* [DESCRIPTION OF THE TASK]:
Could you copy word for word only the lines between the one containing "Amble Hound No-Pull Harness" and the end of the listing below, both included, and leave out the pictures?

* [COLLECTED MATERIAL]:
------------------------------------------------------------------------
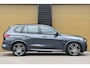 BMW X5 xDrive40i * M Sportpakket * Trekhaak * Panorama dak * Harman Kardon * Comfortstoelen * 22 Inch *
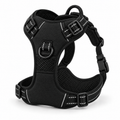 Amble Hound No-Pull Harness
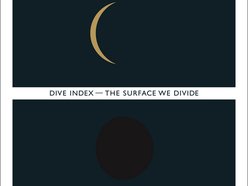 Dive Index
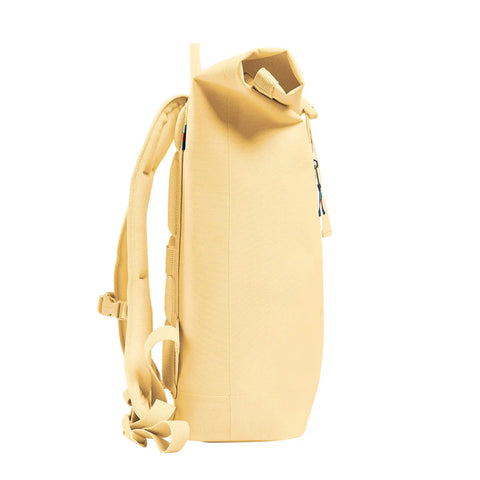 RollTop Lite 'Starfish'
------------------------------------------------------------------------
* [EXPECTED ANSWER]:
 Amble Hound No-Pull Harness
 Dive Index
 RollTop Lite 'Starfish'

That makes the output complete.